Güç dengeleri açısından bakıldığında ise eski dünya düzeni ciddi biçimde sarsılmış durumda. ABD ve Avrupa hâlâ küresel finansın ve inovasyonun merkezi olsa da Çin, Rusya, Hindistan gibi ülkeler alternatif ittifaklar ve ticaret hatları kurarak Batı merkezli sistemi kısmen dengelemeye çalışıyor. Kuşak ve Yol Girişimi, BRICS’in genişleme hamleleri, yerel para birimleriyle ticaret projeleri hep bu arayışın parçaları. Bu, dünya ekonomisinin tek kutuplu yapıdan daha çok çok-kutuplu bir yapıya evrildiğinin işareti.

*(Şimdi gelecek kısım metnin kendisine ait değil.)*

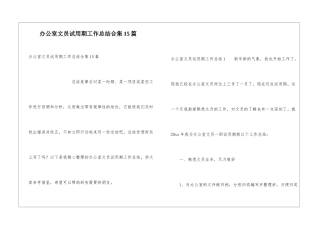 办公室文员试用期工作总结合集15篇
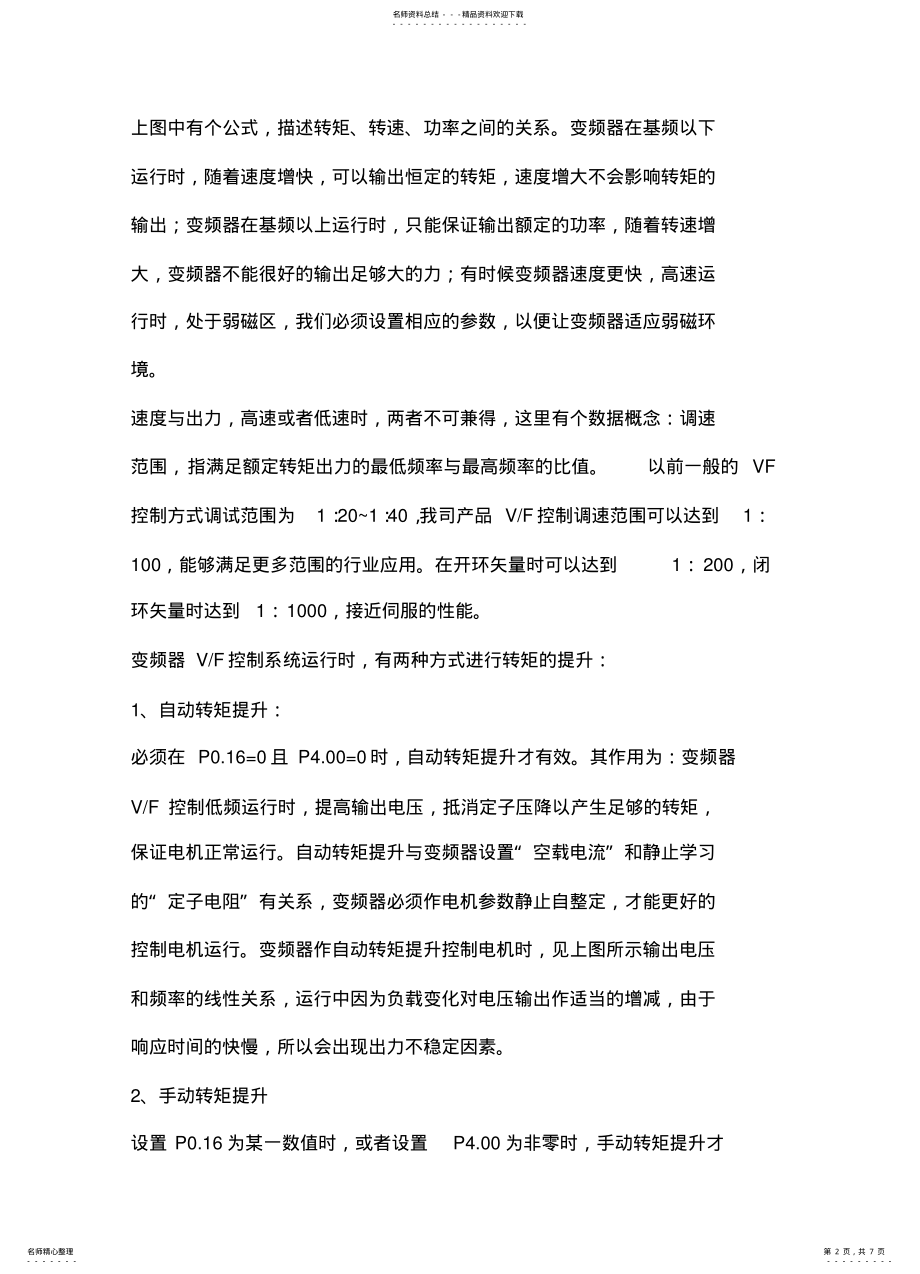 2022年变频器矢量控制与VF控制区别 .pdf_第2页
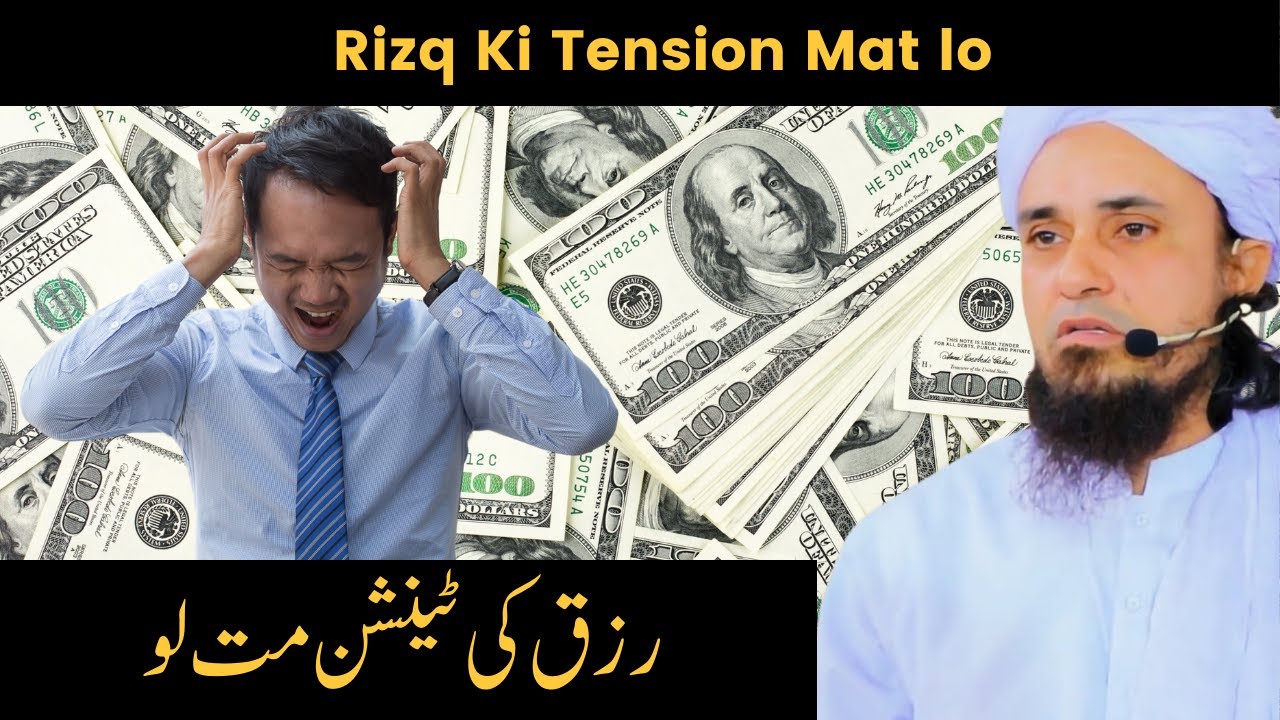 Rizq Ki Tension Mat lo| Mufti Tariq Masood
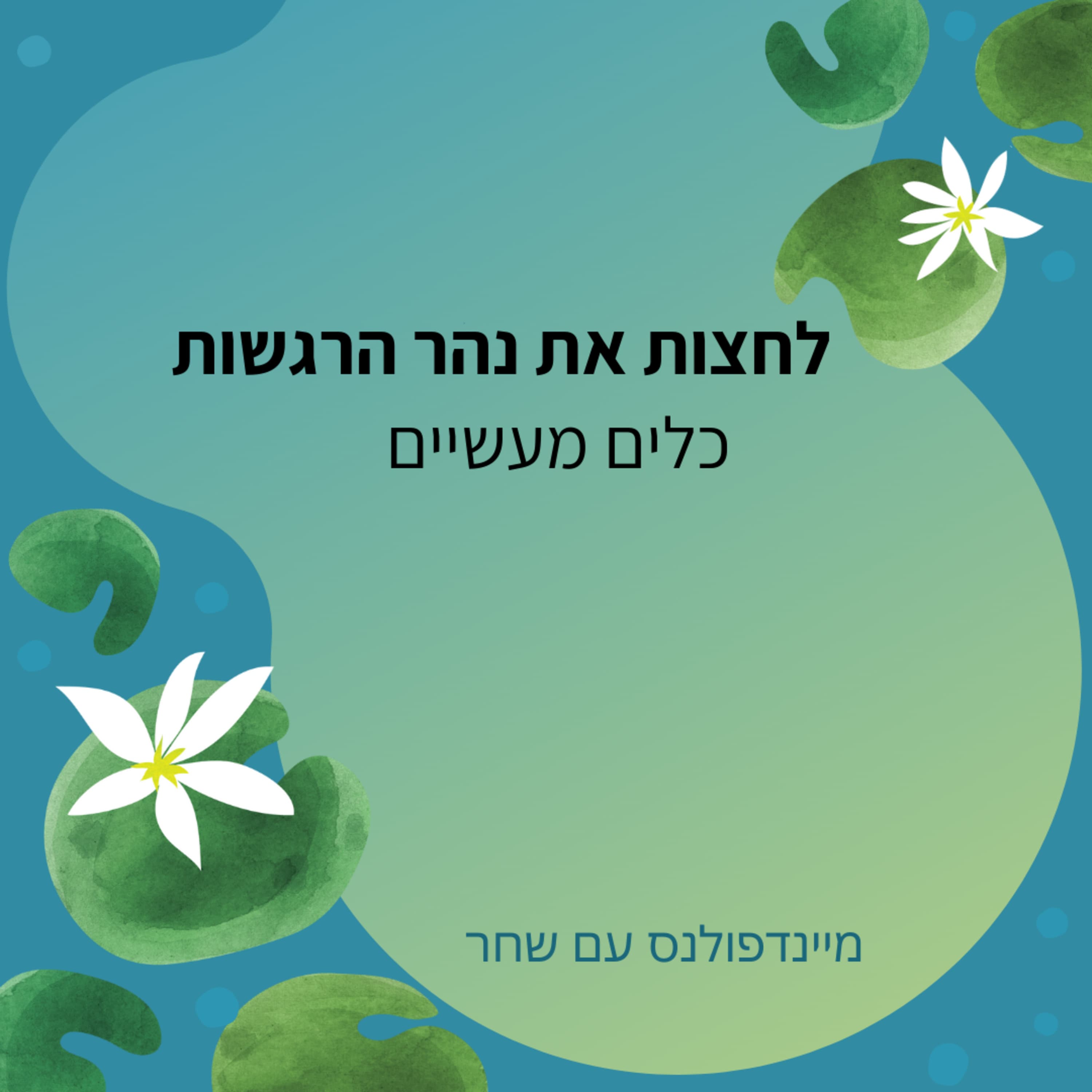 לחצות את נהר הרגשות- כלים מעשיים לחיי היום יום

Bütün bu tablo, küresel ekonomik düzenin aslında hem bir büyüme savaşı hem de yeni bir güç dengesi kurma çabası içerisinde olduğunu gösteriyor. Ülkeler bir yandan teknolojik üstünlük, daha büyük pazar payı ve sermaye çekme yarışı içindeyken; diğer yandan askeri gücü, enerji kartlarını, lojistik hatları ve diplomatik ittifakları da masaya koyarak daha karmaşık bir oyunu oynuyorlar. Dünya ekonomisinin yeni rotası tam olarak burada şekilleniyor: Hızlı büyümenin yarattığı fırsatların yanında, artan rekabetin doğurduğu kırılganlıklar ve bölgesel gerilimler.
Sonuçta bu yeni küresel sahnede kazananlar yalnızca üretimi artıranlar değil, aynı zamanda riskleri doğru yönetenler, kurumlarını güçlendirenler ve toplumsal dayanışmayı koruyabilenler olacak. Dünya belki hiç olmadığı kadar bütünleşik; ama aynı zamanda hiç olmadığı kadar parçalanmaya da açık. Bu çelişki, 21. yüzyılın ekonomi-politiğinin temel gerçeği.